Restate the data below word for word, leaving nothing out.
-------- Source material
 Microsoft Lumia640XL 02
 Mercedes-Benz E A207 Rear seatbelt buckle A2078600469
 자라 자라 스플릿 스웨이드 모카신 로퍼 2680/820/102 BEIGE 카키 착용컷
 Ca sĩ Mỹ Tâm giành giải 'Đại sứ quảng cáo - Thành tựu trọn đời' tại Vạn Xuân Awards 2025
----------------
* [Result for this exercise]
 Microsoft Lumia640XL 02
 Mercedes-Benz E A207 Rear seatbelt buckle A2078600469
 자라 자라 스플릿 스웨이드 모카신 로퍼 2680/820/102 BEIGE 카키 착용컷
 Ca sĩ Mỹ Tâm giành giải 'Đại sứ quảng cáo - Thành tựu trọn đời' tại Vạn Xuân Awards 2025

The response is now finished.